# Wheel bolts are on too tight



## Dave 20T (Apr 7, 2013)

Wheel bolts are in too tight. The offender is a shop 12 miles away. What should I do. I used a breaker bar with a 1/2" to 3/8" adaptor and a 17(?) mm socket. The adaptor just broke because it was too tight.

1. drive the X3 to that shop. However, the other three tires are different and snow tires.
2. take it 1 mile to a gas station
3. Buy a breaker bar that can use a 3/8 socket so no need for an adaptor
4. Buy a 17 mm socket/bit that fits in a 1/2" breaker bar I already have
5. Buy a long tire iron.

I am that thinking of #2 or 4


----------



## aKiwiJoKer (May 30, 2013)

4


----------



## chaswyck (Oct 12, 2014)

You probably need a pneumatic gun to loosen the bolts. I'd go with option 2.


----------



## Autoputzer (Mar 16, 2014)

4

Never take your car to that shop again. They are idiots. Don't expect the tire apes at the gas stations to be Rhodes Scholars, either.


----------



## Squiddie (Dec 19, 2010)

Why not limp to the next gas station garage that has a gun and give them $20 in cash for simply getting the bolts off and on?


----------



## Racer-X / 6'er (May 19, 2013)

...and ask Santa for a torque wrench for Christmas. I see these frequently at pawn shops if you don't want to drop a bunch of cash into something you may not use a lot. 

Good luck.


----------



## wcr3d (Jul 17, 2012)

Auto Zone has a tool rental program. Rent a 3/4" breaker and torque wrench with socket. Then you know what to ask for christmas.


----------



## Ellis M. Stewar (Dec 13, 2014)

*Rear Wheel Wiggles, but lug bolts are tight!?*

I have a 1998 Ford Windstar Cargo Minivan and one rear wheel is a little loose, but the lugbolts are tight. I think it might be a wheel bearing. Any other suggestions out there? 
Thanks in advance!


----------



## cwsqbm (Aug 4, 2004)

#4, but buy an impact socket so that you can use an impact wrench if you buy one. Use anti-seize on the lug bolts - the problem might be not that the bolts were too tight initially, but that they've rusted in place. I also put a little anti-seize on the back of the wheel so that it doesn't corrode and stick to the brake rotors.


----------



## Dave 20T (Apr 7, 2013)

Racer-X / 6'er said:


> ...and ask Santa for a torque wrench for Christmas. I see these frequently at pawn shops if you don't want to drop a bunch of cash into something you may not use a lot.
> 
> Good luck.


Thanks. I do have a torque wrench but I only use it to tighten bolts to the desired specification. I view it as a precision tool. A breaker bar is slightly longer than a torque wrench and has no measuring mechanism. It is just a metal bar that you can attach sockets to fit the bolt size. The wheel bolts were so tight that it broke the adaptor.


----------



## tim330i (Dec 18, 2001)

4

Do not use a torque wrench to remove bolts. 

Tim


----------



## marshalltj (Nov 5, 2014)

#4 and keep the breaker bar and socket in your trunk, just incase you get stuck somewhere and need to remove the tire.


----------



## luigi524td (Apr 4, 2005)

I have a 2 foot steel bar with a 1/2 lug welded on the end; And a 1/2" impact socket (one of the deep ones) in the correct size to loosen OVERTIGHTENED lugs. I agree, DO NOT use your torque wrench to loosen overtightened bolts - even though their extra length offers more leverage; That could cause a problem with their calibration when you need it most - TO CORRECTLY TIGHTEN FASTENERS!


----------



## wingless (Apr 14, 2007)

A torque wrench is the best / only way to properly tighten fasteners, like lug nuts / bolts.

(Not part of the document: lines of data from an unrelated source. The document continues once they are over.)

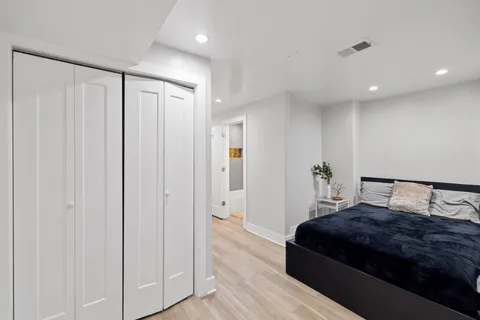 a view of entryway with wooden floor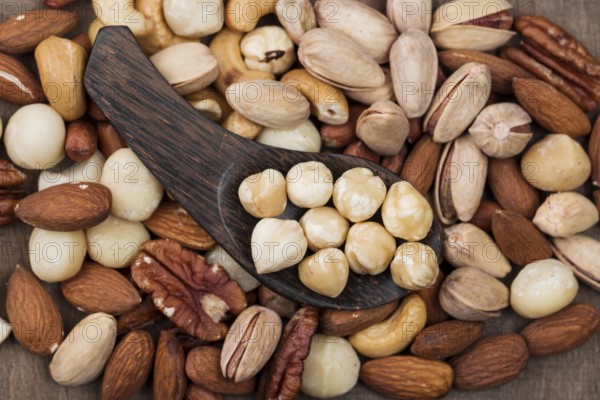 Various organic nuts snack spoon background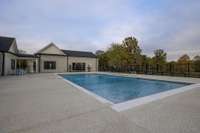 Saltwater pool has large steps to enter, fountains, and gorgeous view of the open field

Most manufacturers recommend against using a lubricant, like anti-sieze, on the threads. My experience is that vehicles operated in the rust belt require anti-sieze and those used down south do not need that protection.


----------



## Ruggernaut (Apr 25, 2014)

Harbor Freight has a 1/2 inch torque wrench on special for $21.95 right now. If you purchase one, buy the impact sockets to use with it. It also a good idea to have a metric four way lug wrench and a 24" piece of pipe. Leverage is a wonderful thing. That pipe will move a cross threaded lug nut. 

This is an old enough thread that you have resolved your issue, but others may still learn something. I would be interested in knowing what happened in the end.


----------



## ol' grouch (Dec 27, 2014)

I've gotten some real stinkers off over the years. What you will need is, a 4 way lug wrench that fits your lug nuts. Wrap some electrical tape around the arm that has the size you need so you can find it in the dark. You will also need a cheater pipe to go over the 4 way arms. Lastly, a flat topped jack that will get as high as the top nut. 

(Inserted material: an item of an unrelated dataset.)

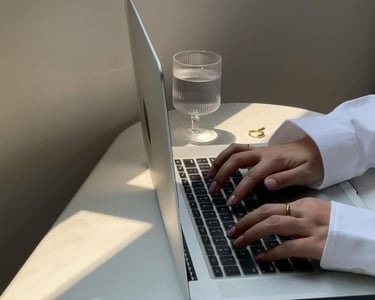 Hands typing on a laptop next to a glass of water in a minimal workspace.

Now, raise the jack so it supports the 4 way wrench on the nut. Put the cheater pipe on it and hang off it until it breaks loose. In extreme cases, I've used an old driveshaft and hung off the pipe along with another guy not much smaller than me. Even then we had to bounce to break it loose.

Do NOT use anti-sieze on the threads. This will mess up the torque settings and possibly damage the wheels by getting the nuts too tight.Like wise, do NOT use penetrants like WD-40. If you need a little lubrication to keep nuts from rusting, use a drop of engine oil or 3in1 motor oil.


----------



## Dave 20T (Apr 7, 2013)

Ruggernaut said:


> This is an old enough thread that you have resolved your issue, but others may still learn something. I would be interested in knowing what happened in the end.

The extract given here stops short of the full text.